SGML Parser in Python

afg102 picture afg102 · Jan 8, 2011 · Viewed 9.8k times · Source

I am completely new to Python. I have the following code:

class ExtractTitle(sgmllib.SGMLParser):

def __init__(self, verbose=0):

   sgmllib.SGMLParser.__init__(self, verbose)

   self.title = self.data = None

def handle_data(self, data):

  if self.data is not None:
    self.data.append(data)

def start_title(self, attrs):
 self.data = []

def end_title(self):

  self.title = string.join(self.data, "")

raise FoundTitle # abort parsing!

which extracts the title element from SGML, however it only works for a single title. I know I have to overload the unknown_starttag and unknown_endtag in order to get all titles but I keep getting it wrong. Help me please!!!

Answer

Chris Morgan picture Chris Morgan · Jan 8, 2011

Beautiful Soup is one way you could parse it nicely (and it's the way I'd always do it, unless there was some extremely good reason not to do it that way, myself). It's a lot simpler and more readable than using SGMLParser.

>>> from BeautifulSoup import BeautifulSoup
>>> soup = BeautifulSoup('''<post id='100'> <title> new title </title> <text> <p> new text </p> </text> </post>''')
>>> soup('post')  # soup.findAll('post') is equivalent
[<post id="100"> <title> new title </title> <text> <p> new text </p> </text> </post>]
>>> for post in soup('post'):
...     print post.findChild('text')
...
<text> <p> new text </p> </text>

Once you've got it at this stage, you can do various things with it, depending on how you want it.

>>> post = soup.find('post')
>>> post
<post id="100"> <title> new title </title> <text> <p> new text </p> </text> </post>
>>> post_text = post.findChild('text')
>>> post_text
<text> <p> new text </p> </text>

You could be wanting to strip out HTML.

>>> post_text.text
u'new text'

Or perhaps look at the contents...

>>> post_text.renderContents()
' <p> new text </p> ']
>>> post_text.contents
[u' ', <p> new text </p>, u' ']

There are all sorts of things you could want to do.
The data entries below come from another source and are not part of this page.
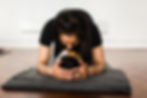 Postnatal woman practicing postnatal yoga with her baby.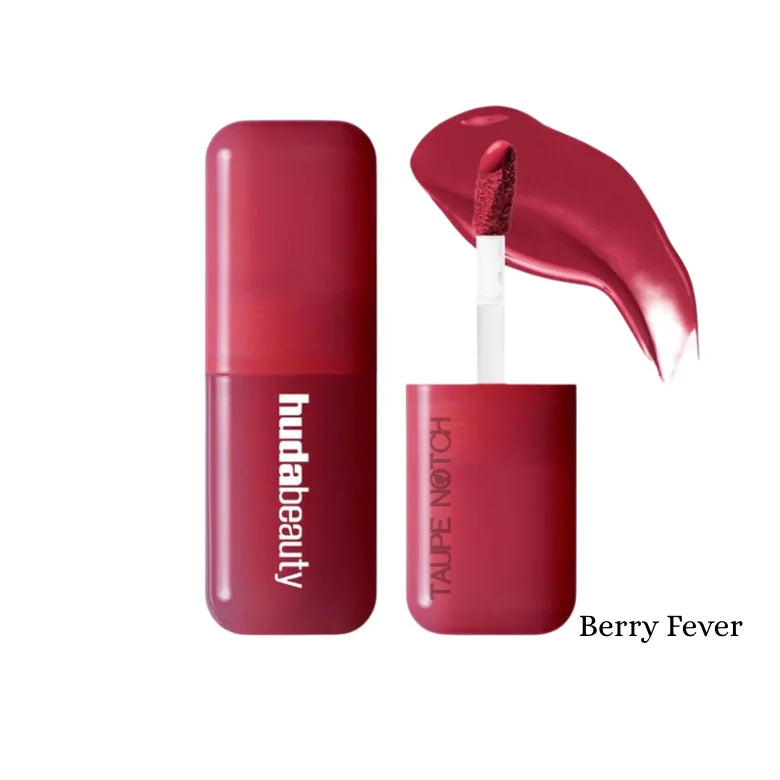 Huda Beauty liquid blush in Berry Fever shade, berry red tube with applicator.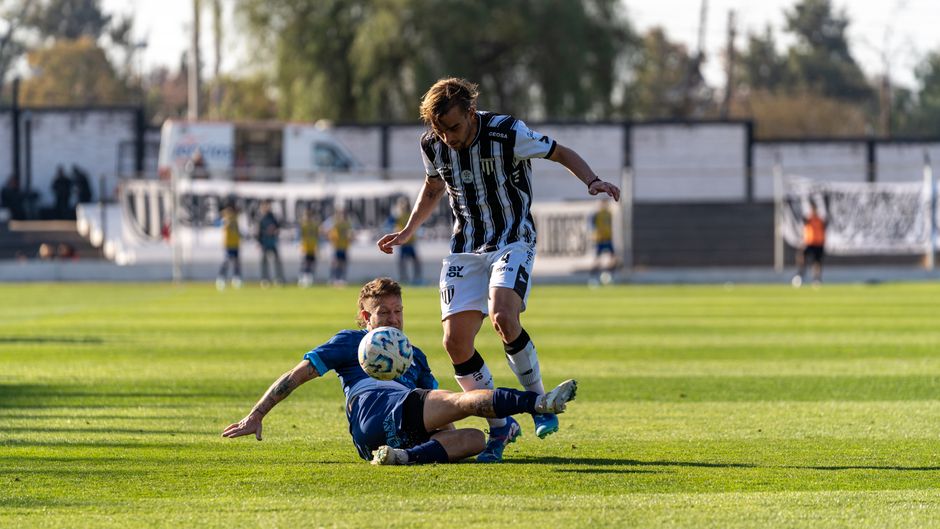 Exciting football tackle scene during a match on a sunny day in a professional stadium.
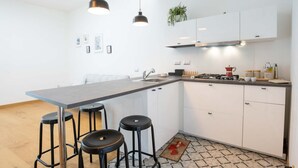 A modern kitchen with a central island, bar stools, white cabinets, and pendant lighting. - Andreas Home By dimorra (Napoli)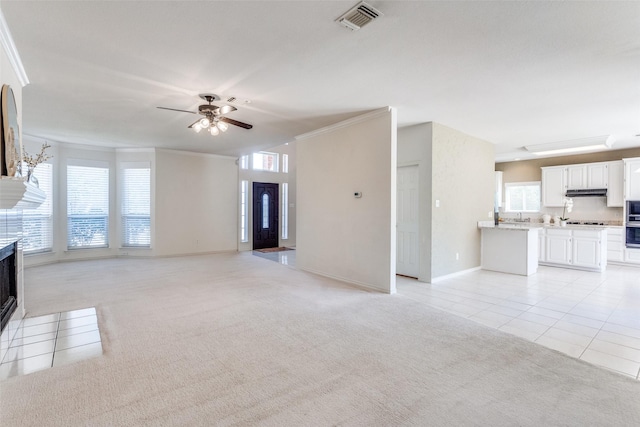 4136 Timberglen Rd, Dallas, TX 75287 - unfurnished living room featuring light carpet, healthy amount of natural light, ceiling fan, and crown molding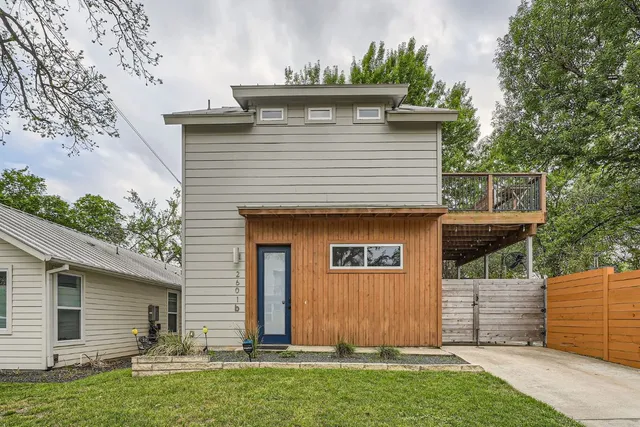 a view of a yard with wooden fence and a large tree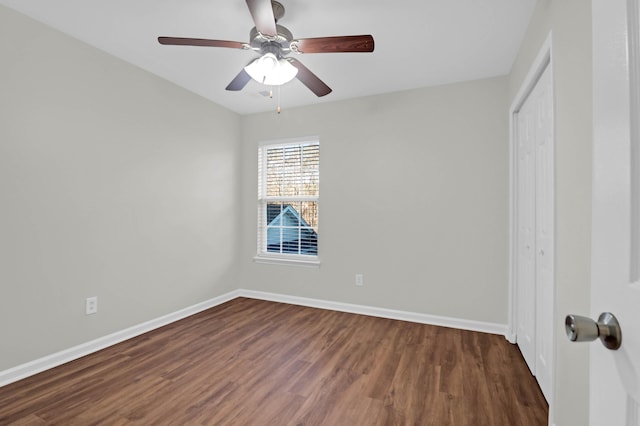 unfurnished bedroom featuring a ceiling fan, a closet, baseboards, and wood finished floors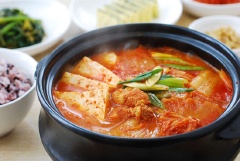 Bày trí kim chi hầm thịt ra tô lớn và dùng nóng. Món ăn nóng hổi, cay thơm kim chi, béo ngon thịt heo và đậu hũ ăn rất vừa miệng. Thích hợp cho những bữa ăn ngày lạnh đầu năm mới.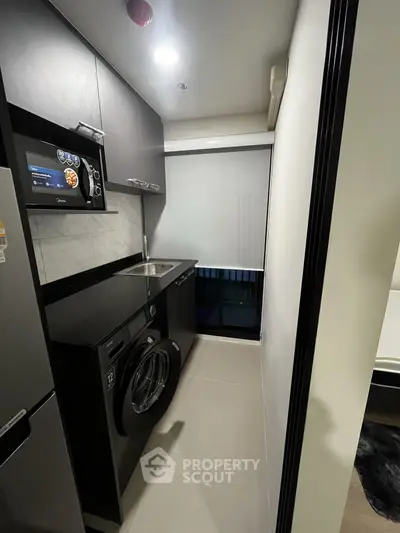 Modern compact kitchen with sleek appliances and washing machine in stylish apartment.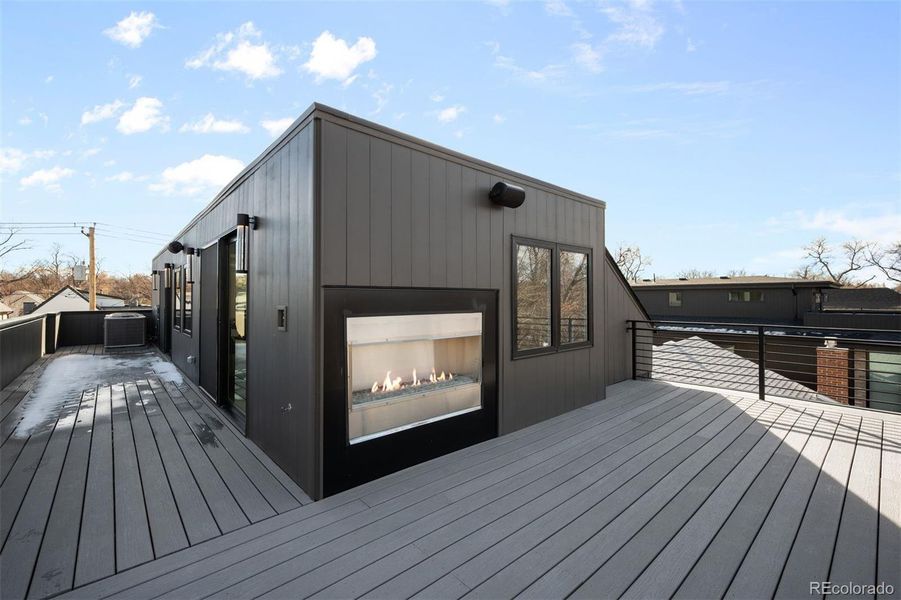 west side of deck with gas fireplace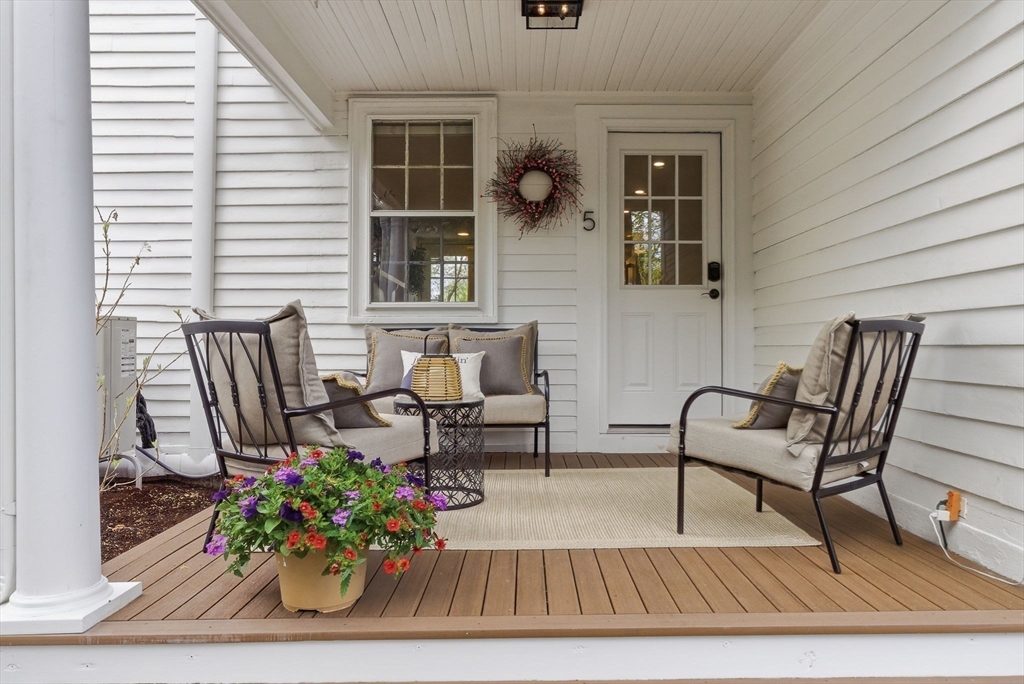 5 Great Road Bedford, MA 01730 - Photo 33 of 42 a view of a dining room with furniture and wooden floor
If you're more specific - in especial, providing real data - it helps.

When it comes to manipulating the tree, you can do that too.

>>> post
<post id="100"> <title> new title </title> <text> <p> new text </p> </text> </post>
>>> post.title  # Just as good as post.findChild('title')
<title> new title </title>
>>> post.title.extract()  # Throws it out of the tree and returns it but we have no need for it
<title> new title </title>
>>> post  # title is gone!
<post id="100">  <text> <p> new text </p> </text> </post>
>>> post.findChild('text').replaceWithChildren()  # Thrown away the <text> wrapping
>>> post
<post id="100">   <p> new text </p>  </post>

And so, finally, you'd have something like this:

>>> from BeautifulSoup import BeautifulSoup
>>> soup = BeautifulSoup('''
... <post id='100'> <title> new title 100 </title> <text> <p> new text 100 </p> </text> </post>
... <post id='101'> <title> new title 101 </title> <text> <p> new text 101 </p> </text> </post>
... <post id='102'> <title> new title 102 </title> <text> <p> new text 102 </p> </text> </post>
... ''')
>>> for post in soup('post'):
...     post.title.extract()
...     post.findChild('text').replaceWithChildren()
... 
<title> new title 100 </title>
<title> new title 101 </title>
<title> new title 102 </title>
>>> soup

<post id="100">   <p> new text 100 </p>  </post>
<post id="101">   <p> new text 101 </p>  </post>
<post id="102">   <p> new text 102 </p>  </post>